Воробушкин, высунувшись в окно, долго смотрел туда, к дороге с березками, # долго виделись ему белые колеблющиеся платки и седые обнаженные головы.
Это Россия всем народом провожала меньших сынов своих, и какая скорбь чуялась в ее молчании, и скорбь и покорность перед судом Божиим.
Не жандарм, прогонявший баб, — голосить еще примутся! — не прапорщик, распоряжавшийся вагоном — какой-нибудь сослуживец того же Воробушкина! — не они отнимали от родной земли молодую силу, чтобы там, на бранном поле, совершив страшное человеческое, не по-человеческому заваренное дело, кровью своей покрыть землю, шел суд Божий, и оттого в молчании покорном среди колеблющихся белых платков и седых голов такая скорбь чуялась,
III
На станции ждали щелинские лошади.
И хоть Воробушкин своевременно телеграммой известил приятеля, точно высчитав день и час своего приезда, лошадей, как оказалось, гоняли на станцию во второй раз.

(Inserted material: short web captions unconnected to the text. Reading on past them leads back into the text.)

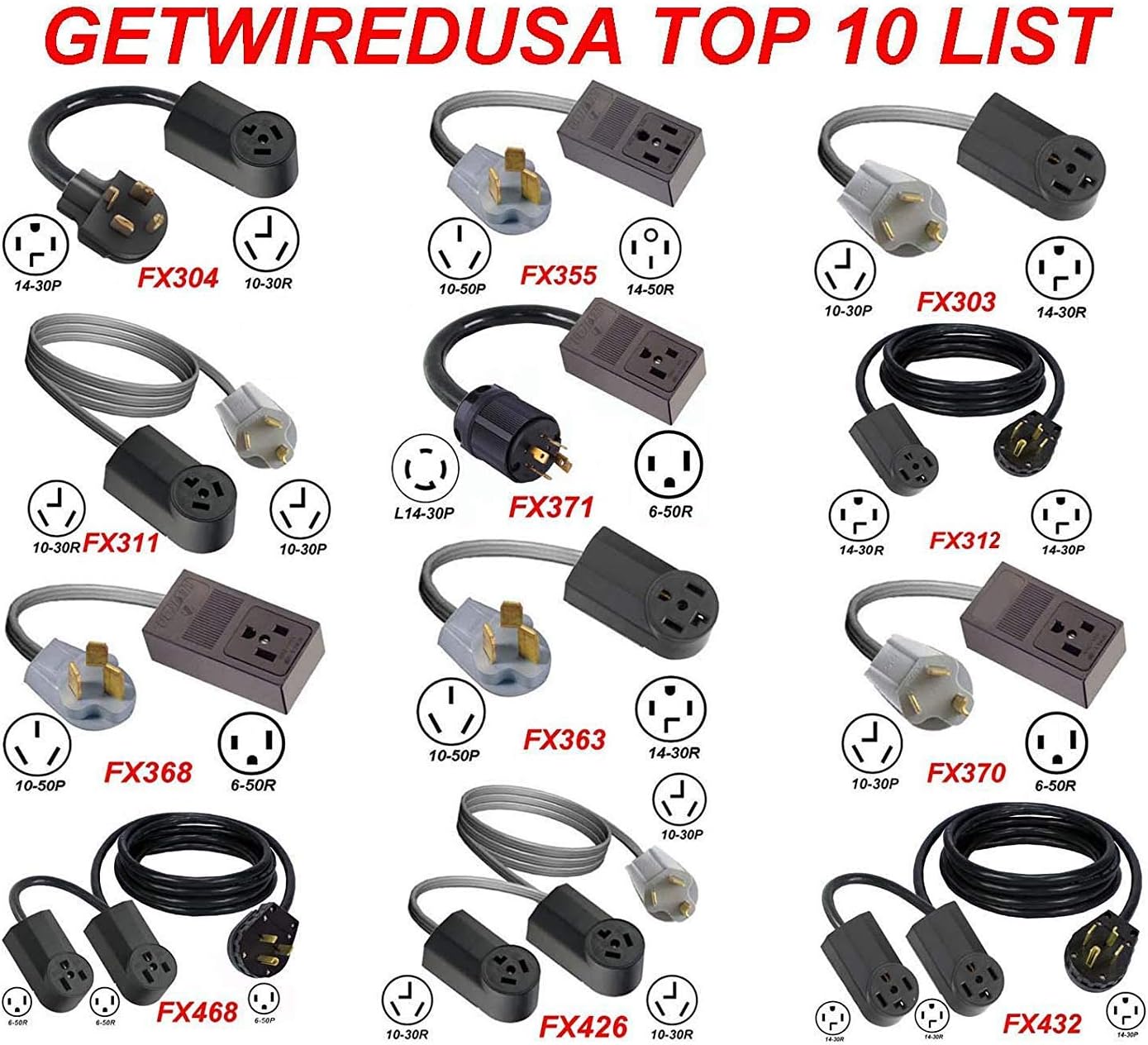 75-Foot NEMA L14-30P to 6-50R Heavy Duty 10/3 Extension Cord Adapter D6848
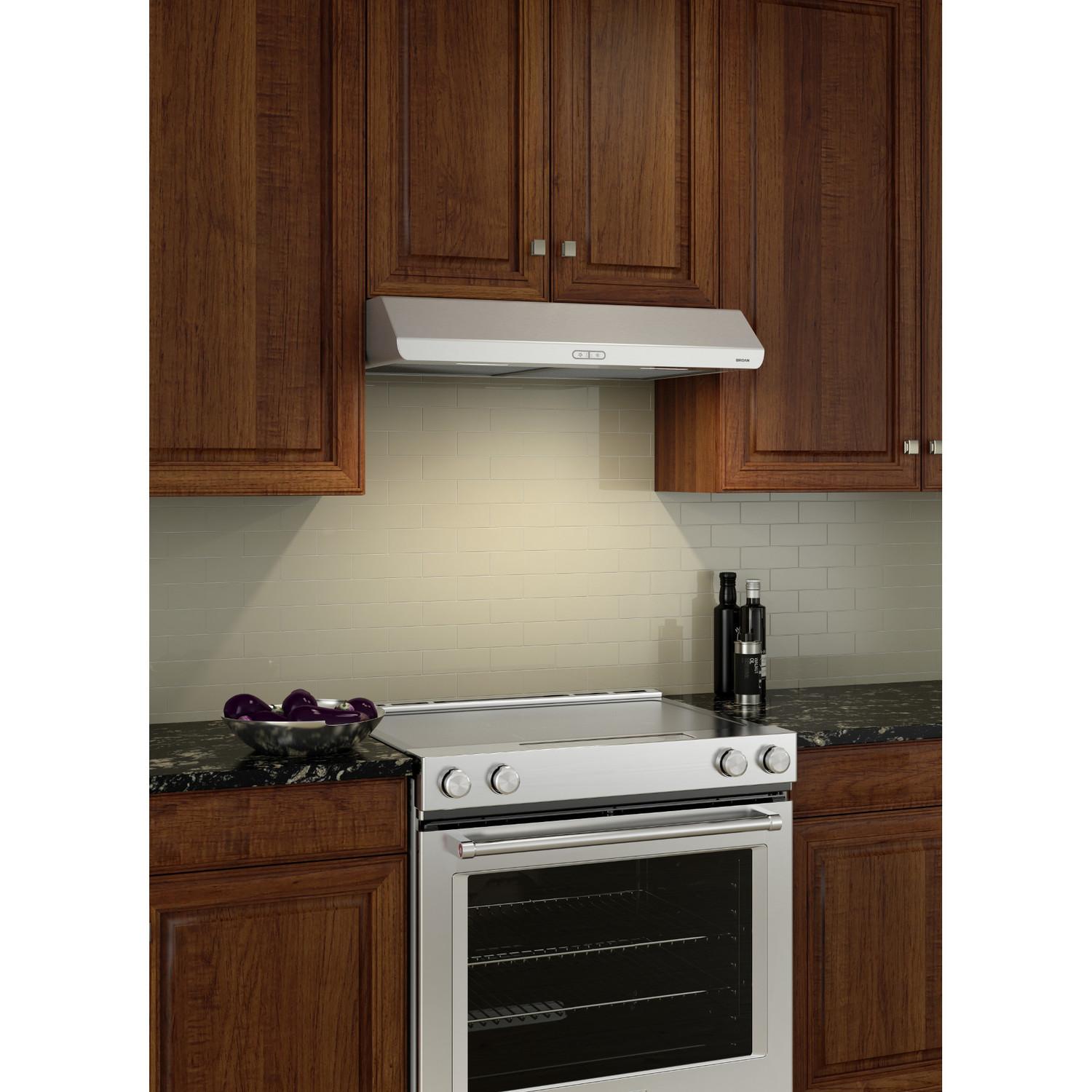 Broan® 36-Inch Convertible Under-Cabinet Range Hood, 300 Max Blower CFM, Stainless Steel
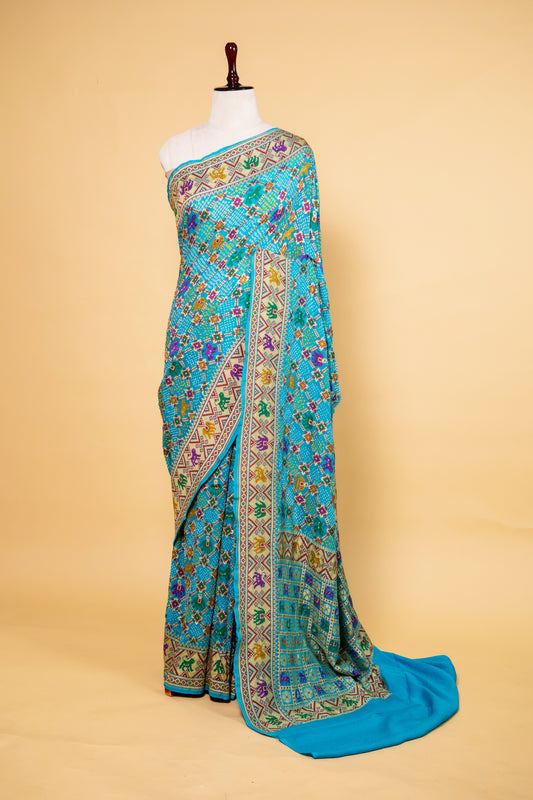 Sky Blue Ghatchola Bandhani Georgette Silk Saree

Утром барин говорит: «Поезжай, Филипп, может, приехали, кто его знает!». Я и ездил, — объяснил качановский кучер Филипп.
Воробушкина в Качанах, как видно, ждали.
Только что прошел дождик, и вечер был такой чудесный, не надышишься, и ехать было легко по прибитой дождем дороге.
Из расспросов узнал Воробушкин от Филиппа, что гостей понаехало в Качаны многое множество: всякий день наезжают новые, и весь дом и флигеля заняты.
Переехали речку, а за речкой начался лес щелинский.
По позднему вечеру затеплились две звездочки, две серебряные и такие же подневольные, сестры наши, звезды небесные.
А проехав лес, поднялись на горку. И справа над садом забелели две колокольни качановские, вот и дома!
Гостя поджидал сам хозяин. Михаил Петрович был очень доволен и приветлив и, не дав оправиться, потащил гостя прямо к столу. По столу со всякими приставками с конца до конца просторной столовой Воробушкин убедился, что гостей понаехало, действительно, немало, и ему стало отчего-то грустно, но чай с дороги рассеял грусть.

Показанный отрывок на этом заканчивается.